In the coming months, there will be a great deal of debate about so called "assault rifles", including the AR15 and it's bigger brother, the AR10. What most people outside the firearms community don't know this that these rifles are - by far - the best selling type of rifle in the United States today. When a hunter or target shooter goes shopping for a rifle to use in their sport, there is a good chance they will select an AR15 or an AR10.
This is important, because both gun control advocates and many people who simply are not into guns, think that only a few, slightly off kilter, militia types own these guns. In reality, these guns are VERY mainstream in both the hunting and target shooting community. Millions upon millions have been sold and are used legally by millions of Americans. Threatening to outlaw these rifles is likely to be viewed by most gun owners as the same thing as outlawing rifles period. It's a bit like saying "We aren't going to ban all cars and trucks, at least not right now. We are only going to outlaw GM vehicles." and then expecting that people who currently don't own a GM car or truck to say, "Oh, as long as you are not going to ban my car, that's OK."
So, why is it that these rifles are so popular?
1) Crossover between military and civilian firearms development.

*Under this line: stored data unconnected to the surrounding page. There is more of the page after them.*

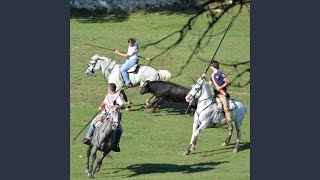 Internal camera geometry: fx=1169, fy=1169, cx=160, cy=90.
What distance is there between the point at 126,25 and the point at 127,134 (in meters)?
16.0

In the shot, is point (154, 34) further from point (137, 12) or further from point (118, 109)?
point (118, 109)

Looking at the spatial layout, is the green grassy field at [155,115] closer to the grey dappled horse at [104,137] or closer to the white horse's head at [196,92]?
the grey dappled horse at [104,137]

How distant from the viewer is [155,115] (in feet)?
92.8

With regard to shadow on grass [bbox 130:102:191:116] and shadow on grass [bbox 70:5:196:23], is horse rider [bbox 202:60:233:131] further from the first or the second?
shadow on grass [bbox 70:5:196:23]

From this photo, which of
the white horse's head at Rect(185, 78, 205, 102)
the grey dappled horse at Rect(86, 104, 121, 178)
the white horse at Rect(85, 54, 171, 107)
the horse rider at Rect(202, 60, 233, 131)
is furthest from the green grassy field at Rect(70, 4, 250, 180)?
the white horse's head at Rect(185, 78, 205, 102)

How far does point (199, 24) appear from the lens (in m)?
42.2

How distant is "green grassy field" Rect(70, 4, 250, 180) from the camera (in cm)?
2264

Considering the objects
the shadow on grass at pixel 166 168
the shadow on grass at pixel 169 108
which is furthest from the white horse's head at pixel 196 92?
the shadow on grass at pixel 169 108

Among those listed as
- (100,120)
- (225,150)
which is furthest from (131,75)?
(100,120)

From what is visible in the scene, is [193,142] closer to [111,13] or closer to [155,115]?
[155,115]

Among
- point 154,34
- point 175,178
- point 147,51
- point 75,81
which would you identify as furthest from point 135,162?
point 154,34

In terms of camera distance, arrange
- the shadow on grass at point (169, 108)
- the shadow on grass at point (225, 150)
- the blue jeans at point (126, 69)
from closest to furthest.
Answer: the shadow on grass at point (225, 150) → the blue jeans at point (126, 69) → the shadow on grass at point (169, 108)

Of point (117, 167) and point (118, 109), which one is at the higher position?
point (118, 109)

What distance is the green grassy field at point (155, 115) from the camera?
2264 cm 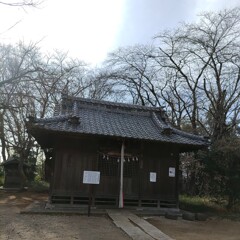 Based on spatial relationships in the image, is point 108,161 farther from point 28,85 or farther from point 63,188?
point 28,85

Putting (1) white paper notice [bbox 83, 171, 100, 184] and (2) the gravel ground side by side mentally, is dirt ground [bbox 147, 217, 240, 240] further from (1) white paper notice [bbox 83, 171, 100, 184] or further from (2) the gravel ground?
(1) white paper notice [bbox 83, 171, 100, 184]

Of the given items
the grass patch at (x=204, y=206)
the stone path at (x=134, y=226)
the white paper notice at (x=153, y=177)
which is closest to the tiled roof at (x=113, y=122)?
the white paper notice at (x=153, y=177)

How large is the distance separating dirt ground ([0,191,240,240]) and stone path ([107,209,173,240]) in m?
0.27

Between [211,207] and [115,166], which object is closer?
[115,166]

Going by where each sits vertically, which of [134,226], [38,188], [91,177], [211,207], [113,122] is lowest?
[134,226]

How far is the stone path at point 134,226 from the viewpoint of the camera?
430 inches

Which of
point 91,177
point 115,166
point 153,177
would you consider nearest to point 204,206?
point 153,177

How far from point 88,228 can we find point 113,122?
25.6 feet

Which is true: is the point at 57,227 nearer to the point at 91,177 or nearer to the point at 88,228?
the point at 88,228

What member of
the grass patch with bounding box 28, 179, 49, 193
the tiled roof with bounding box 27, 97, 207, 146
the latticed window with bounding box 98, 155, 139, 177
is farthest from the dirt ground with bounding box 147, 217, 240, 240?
the grass patch with bounding box 28, 179, 49, 193

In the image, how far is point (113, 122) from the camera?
19.2 meters

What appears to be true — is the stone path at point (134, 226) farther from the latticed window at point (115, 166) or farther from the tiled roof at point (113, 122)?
the tiled roof at point (113, 122)

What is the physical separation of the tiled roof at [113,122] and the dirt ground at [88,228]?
154 inches

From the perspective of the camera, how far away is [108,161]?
17.5m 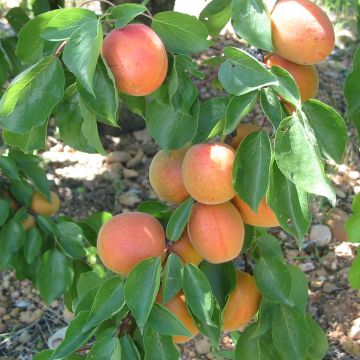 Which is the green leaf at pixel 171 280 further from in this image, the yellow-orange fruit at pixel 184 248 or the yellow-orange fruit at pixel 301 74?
the yellow-orange fruit at pixel 301 74

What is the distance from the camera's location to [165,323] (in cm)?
94

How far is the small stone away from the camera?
2.54m

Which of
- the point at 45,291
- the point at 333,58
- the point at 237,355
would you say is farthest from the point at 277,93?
the point at 333,58

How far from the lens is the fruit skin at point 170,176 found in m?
1.06

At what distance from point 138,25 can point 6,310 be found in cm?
175

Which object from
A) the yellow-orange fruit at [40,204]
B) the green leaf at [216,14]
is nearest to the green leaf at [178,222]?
the green leaf at [216,14]

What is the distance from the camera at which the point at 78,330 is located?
0.97 m

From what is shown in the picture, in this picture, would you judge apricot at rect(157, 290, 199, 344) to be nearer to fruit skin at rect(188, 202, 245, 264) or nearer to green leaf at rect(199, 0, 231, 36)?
fruit skin at rect(188, 202, 245, 264)

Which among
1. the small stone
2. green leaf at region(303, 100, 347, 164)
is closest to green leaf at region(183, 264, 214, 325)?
green leaf at region(303, 100, 347, 164)

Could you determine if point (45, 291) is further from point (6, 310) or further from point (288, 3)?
point (288, 3)

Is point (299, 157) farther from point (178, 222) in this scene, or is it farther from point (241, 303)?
point (241, 303)

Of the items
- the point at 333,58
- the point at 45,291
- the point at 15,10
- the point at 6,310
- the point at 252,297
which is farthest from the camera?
the point at 333,58

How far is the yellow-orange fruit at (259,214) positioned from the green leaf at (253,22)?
23cm

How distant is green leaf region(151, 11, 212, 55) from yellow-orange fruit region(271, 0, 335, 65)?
11 cm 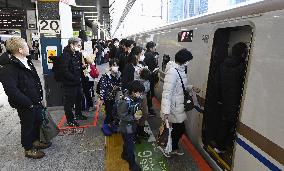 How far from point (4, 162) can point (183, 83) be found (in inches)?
124

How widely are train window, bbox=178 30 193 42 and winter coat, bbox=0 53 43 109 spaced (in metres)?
2.82

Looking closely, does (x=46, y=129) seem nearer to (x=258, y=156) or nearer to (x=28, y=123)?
(x=28, y=123)

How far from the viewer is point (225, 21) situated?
141 inches

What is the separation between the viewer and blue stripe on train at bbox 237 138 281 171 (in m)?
2.50

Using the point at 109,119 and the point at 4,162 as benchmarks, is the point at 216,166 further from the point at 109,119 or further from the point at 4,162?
the point at 4,162

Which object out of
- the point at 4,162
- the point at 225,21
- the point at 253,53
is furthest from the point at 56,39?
the point at 253,53

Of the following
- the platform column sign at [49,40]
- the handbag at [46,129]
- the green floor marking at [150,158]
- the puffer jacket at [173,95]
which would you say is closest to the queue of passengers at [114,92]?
the puffer jacket at [173,95]

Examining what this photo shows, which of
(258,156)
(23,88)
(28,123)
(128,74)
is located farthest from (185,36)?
(28,123)

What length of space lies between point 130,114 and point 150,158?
3.36 feet

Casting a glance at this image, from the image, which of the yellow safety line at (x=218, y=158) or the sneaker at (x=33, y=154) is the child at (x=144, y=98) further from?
the sneaker at (x=33, y=154)

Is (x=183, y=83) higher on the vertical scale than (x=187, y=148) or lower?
higher

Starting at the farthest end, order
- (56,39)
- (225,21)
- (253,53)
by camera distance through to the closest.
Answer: (56,39) < (225,21) < (253,53)

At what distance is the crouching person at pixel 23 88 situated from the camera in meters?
3.96

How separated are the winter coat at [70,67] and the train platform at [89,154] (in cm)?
106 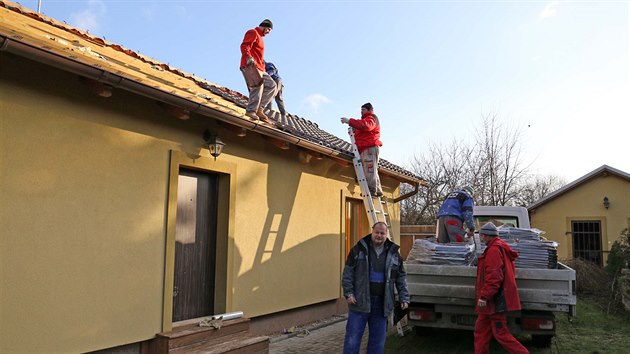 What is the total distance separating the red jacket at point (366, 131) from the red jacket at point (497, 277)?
11.0 ft

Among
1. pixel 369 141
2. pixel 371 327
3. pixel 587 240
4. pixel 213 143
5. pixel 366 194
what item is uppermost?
pixel 369 141

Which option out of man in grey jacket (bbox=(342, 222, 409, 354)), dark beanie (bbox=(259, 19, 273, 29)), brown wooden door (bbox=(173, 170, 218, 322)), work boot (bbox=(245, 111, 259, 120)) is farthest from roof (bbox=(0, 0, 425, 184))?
man in grey jacket (bbox=(342, 222, 409, 354))

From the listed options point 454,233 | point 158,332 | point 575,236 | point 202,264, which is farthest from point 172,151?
point 575,236

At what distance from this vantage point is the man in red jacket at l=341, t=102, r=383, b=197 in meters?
8.48

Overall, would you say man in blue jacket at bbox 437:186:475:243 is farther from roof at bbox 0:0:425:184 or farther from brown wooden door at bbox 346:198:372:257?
brown wooden door at bbox 346:198:372:257

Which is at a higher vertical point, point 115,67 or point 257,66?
point 257,66

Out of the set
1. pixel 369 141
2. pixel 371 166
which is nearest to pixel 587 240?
pixel 371 166

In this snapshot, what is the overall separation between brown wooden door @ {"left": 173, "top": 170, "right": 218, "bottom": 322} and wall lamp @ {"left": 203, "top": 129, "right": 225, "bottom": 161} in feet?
1.28

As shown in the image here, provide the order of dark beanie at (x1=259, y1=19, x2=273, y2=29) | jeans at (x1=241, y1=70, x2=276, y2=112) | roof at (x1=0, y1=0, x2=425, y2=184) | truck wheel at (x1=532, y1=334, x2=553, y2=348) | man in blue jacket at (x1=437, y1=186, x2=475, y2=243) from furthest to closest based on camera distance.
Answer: dark beanie at (x1=259, y1=19, x2=273, y2=29) → man in blue jacket at (x1=437, y1=186, x2=475, y2=243) → jeans at (x1=241, y1=70, x2=276, y2=112) → truck wheel at (x1=532, y1=334, x2=553, y2=348) → roof at (x1=0, y1=0, x2=425, y2=184)

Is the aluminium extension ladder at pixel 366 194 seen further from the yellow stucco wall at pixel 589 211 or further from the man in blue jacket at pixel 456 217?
the yellow stucco wall at pixel 589 211

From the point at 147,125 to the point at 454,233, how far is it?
15.9 feet

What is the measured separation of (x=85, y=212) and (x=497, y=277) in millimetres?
4410

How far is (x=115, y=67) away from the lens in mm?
5715

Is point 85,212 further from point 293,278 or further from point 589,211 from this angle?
point 589,211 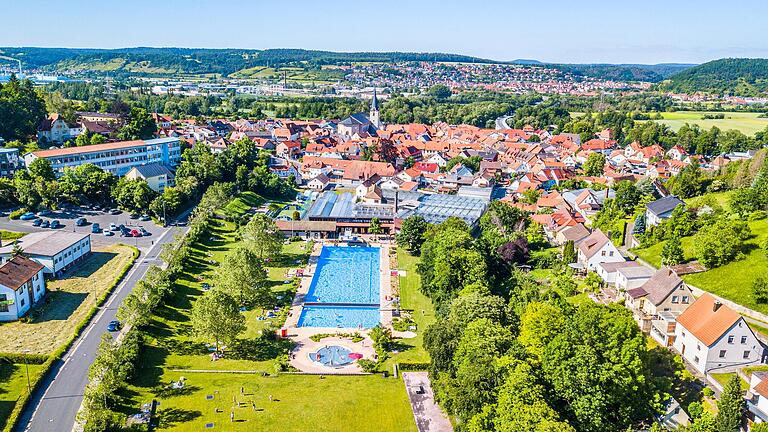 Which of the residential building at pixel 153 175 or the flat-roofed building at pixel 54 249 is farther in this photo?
the residential building at pixel 153 175

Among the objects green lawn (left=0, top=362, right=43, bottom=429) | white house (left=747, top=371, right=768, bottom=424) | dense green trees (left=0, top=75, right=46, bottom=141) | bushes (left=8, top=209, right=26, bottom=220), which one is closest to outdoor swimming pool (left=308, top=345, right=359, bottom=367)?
green lawn (left=0, top=362, right=43, bottom=429)

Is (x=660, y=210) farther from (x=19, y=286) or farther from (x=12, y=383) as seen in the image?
(x=19, y=286)

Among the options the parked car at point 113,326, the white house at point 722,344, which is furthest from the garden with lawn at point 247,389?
the white house at point 722,344

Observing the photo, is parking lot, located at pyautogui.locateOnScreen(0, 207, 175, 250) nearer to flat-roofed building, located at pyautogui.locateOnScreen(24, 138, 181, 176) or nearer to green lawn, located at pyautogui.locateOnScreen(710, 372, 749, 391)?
flat-roofed building, located at pyautogui.locateOnScreen(24, 138, 181, 176)

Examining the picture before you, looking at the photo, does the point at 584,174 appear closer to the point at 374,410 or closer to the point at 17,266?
the point at 374,410

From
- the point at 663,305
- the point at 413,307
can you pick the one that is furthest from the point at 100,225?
the point at 663,305

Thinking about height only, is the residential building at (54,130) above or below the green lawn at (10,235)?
above

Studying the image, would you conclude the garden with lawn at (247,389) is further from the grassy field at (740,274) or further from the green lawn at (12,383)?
the grassy field at (740,274) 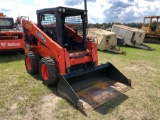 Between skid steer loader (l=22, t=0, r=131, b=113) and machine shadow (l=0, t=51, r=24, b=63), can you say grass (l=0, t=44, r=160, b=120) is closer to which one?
skid steer loader (l=22, t=0, r=131, b=113)

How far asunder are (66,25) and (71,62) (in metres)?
1.30

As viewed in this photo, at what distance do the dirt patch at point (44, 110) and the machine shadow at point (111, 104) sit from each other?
0.98 metres

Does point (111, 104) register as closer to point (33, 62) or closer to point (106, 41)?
point (33, 62)

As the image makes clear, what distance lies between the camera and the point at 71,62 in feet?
15.5

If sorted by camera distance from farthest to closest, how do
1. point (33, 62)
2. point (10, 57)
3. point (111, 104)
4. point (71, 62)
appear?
point (10, 57) < point (33, 62) < point (71, 62) < point (111, 104)

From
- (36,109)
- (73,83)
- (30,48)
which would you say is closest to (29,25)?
(30,48)

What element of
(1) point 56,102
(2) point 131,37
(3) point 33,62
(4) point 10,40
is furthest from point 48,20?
(2) point 131,37

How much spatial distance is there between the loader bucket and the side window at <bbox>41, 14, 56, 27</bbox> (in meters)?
1.61

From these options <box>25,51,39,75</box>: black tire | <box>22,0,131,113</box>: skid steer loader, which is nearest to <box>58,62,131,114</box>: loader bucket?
<box>22,0,131,113</box>: skid steer loader

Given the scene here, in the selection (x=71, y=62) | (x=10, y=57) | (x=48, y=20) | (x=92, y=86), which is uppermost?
(x=48, y=20)

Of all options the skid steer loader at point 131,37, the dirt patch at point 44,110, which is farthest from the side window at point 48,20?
the skid steer loader at point 131,37

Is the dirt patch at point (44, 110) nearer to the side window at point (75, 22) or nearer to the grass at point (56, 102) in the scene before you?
the grass at point (56, 102)

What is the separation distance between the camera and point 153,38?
16.8 meters

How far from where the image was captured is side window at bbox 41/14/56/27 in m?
4.91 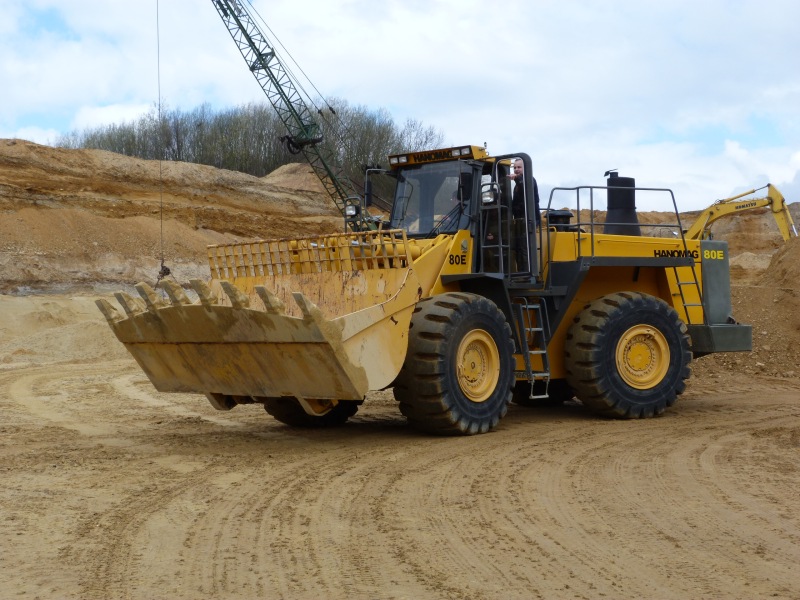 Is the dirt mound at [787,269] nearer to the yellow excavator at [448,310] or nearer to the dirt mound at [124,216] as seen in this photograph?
the yellow excavator at [448,310]

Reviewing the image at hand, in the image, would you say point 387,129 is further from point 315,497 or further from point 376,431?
point 315,497

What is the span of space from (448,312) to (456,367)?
1.71ft

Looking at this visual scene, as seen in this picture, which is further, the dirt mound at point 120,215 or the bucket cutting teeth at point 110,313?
the dirt mound at point 120,215

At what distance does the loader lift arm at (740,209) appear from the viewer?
62.7ft

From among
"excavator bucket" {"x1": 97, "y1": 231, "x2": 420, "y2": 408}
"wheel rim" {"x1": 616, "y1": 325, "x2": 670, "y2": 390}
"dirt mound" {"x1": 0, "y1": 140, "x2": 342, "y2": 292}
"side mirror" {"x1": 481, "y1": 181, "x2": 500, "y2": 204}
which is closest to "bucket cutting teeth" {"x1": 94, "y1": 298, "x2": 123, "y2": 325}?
"excavator bucket" {"x1": 97, "y1": 231, "x2": 420, "y2": 408}

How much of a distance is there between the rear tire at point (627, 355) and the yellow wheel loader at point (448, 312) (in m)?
0.02

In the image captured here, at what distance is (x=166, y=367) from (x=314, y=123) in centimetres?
3211

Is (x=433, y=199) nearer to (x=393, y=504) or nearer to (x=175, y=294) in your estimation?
(x=175, y=294)

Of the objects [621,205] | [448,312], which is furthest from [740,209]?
[448,312]

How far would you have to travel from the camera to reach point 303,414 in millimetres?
10812

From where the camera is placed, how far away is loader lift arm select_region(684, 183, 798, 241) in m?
19.1

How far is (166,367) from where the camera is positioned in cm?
973

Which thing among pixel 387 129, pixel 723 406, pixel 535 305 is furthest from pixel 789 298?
pixel 387 129

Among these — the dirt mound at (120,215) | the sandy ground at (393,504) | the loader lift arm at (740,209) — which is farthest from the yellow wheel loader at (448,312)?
the dirt mound at (120,215) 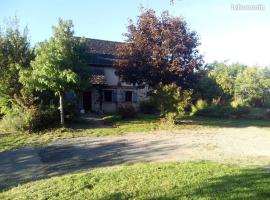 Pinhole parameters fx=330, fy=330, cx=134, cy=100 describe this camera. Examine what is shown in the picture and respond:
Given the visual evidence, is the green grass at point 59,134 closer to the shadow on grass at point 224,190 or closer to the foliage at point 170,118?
the foliage at point 170,118

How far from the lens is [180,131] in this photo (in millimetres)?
18109

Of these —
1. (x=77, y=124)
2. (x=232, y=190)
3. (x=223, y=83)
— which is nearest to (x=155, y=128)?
(x=77, y=124)

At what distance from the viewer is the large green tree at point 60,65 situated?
1758cm

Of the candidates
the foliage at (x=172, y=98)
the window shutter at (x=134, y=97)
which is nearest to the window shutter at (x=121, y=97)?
the window shutter at (x=134, y=97)

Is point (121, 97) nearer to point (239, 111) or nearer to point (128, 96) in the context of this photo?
point (128, 96)

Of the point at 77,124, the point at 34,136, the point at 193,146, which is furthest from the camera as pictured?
the point at 77,124

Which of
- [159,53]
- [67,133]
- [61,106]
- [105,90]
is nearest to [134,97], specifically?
[105,90]

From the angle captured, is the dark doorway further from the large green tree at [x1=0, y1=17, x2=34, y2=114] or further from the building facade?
the large green tree at [x1=0, y1=17, x2=34, y2=114]

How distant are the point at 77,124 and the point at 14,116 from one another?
147 inches

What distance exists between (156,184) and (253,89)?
33.1 metres

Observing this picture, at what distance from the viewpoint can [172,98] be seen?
20406mm

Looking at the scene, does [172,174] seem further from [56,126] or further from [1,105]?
[1,105]

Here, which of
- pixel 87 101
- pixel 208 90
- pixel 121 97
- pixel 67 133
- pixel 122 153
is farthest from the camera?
pixel 208 90

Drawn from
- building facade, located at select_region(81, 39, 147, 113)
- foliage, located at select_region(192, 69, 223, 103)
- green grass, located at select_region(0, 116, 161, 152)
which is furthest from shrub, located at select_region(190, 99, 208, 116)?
green grass, located at select_region(0, 116, 161, 152) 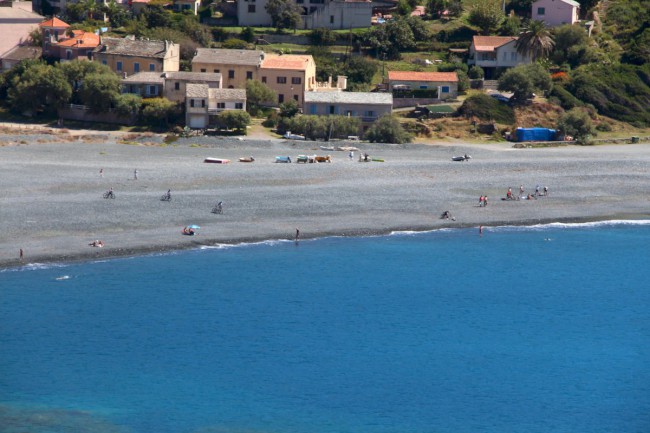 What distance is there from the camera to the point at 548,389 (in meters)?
50.2

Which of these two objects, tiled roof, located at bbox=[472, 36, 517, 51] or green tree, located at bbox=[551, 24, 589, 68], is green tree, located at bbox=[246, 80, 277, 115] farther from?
green tree, located at bbox=[551, 24, 589, 68]

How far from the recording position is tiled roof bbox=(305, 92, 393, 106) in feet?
302

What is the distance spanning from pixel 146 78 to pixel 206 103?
22.9 feet

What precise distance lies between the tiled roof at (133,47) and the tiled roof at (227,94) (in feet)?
27.4

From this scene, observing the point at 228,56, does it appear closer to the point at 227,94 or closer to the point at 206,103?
the point at 227,94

Most people don't realize that military and civilian firearms have always developed in parallel. The Henry lever action rifle - which later became a famous civilian gun as the Winchester - was first developed for, and used by, Northern troops during the Civil War. Indeed, since it was able to fire 16 rounds in 25-30 seconds, it became known as the most powerful gun of the war. Post war, it was developed into a whole series of guns that are still being made today. The 45/70 cartridge, adopted by the Army in a single shot rifle, in 1873, was used in some of those Winchesters and is still popular today. The first semi-automatic rifles made in the US were hunting rifles (Teddy Roosevelt used one). The 30-06 cartridge, developed by the ordinance department for the 1903 Springfield, was (and is) popular as a sporting round, and was made available in civilian bolt action firearms, in less than 20 years. The 7.62 NATO round was released by Winchester (as the .308 Winchester) and chambered in a variety of firearms before the military even started using it. The Springfield, Enfield, and M1 Garand semi-auto rifle have been used in civilian target shooting for as much as 100 years. The cartridge used in the M16 (and in most, but not all AR15s) was developed from a civilian target and hunting cartridge. In Vietnam, US Army and Marine snipers used civilian sporting rifles made by both Winchester and Remington. The famed .50 Cal BMG sniper rifle was developed for the sport of extremely long range target shooting. Although sales have been banned in California, never once has one been used in a crime - and they are still used as very long range target rifles. For the last 150 years, military and civilian firearms have cross pollinated each other. It should be no surprise that civilian versions of the most successful and long lived military rifle in history would be extremely popular with civilians for exactly the same reasons the military has kept it for so long.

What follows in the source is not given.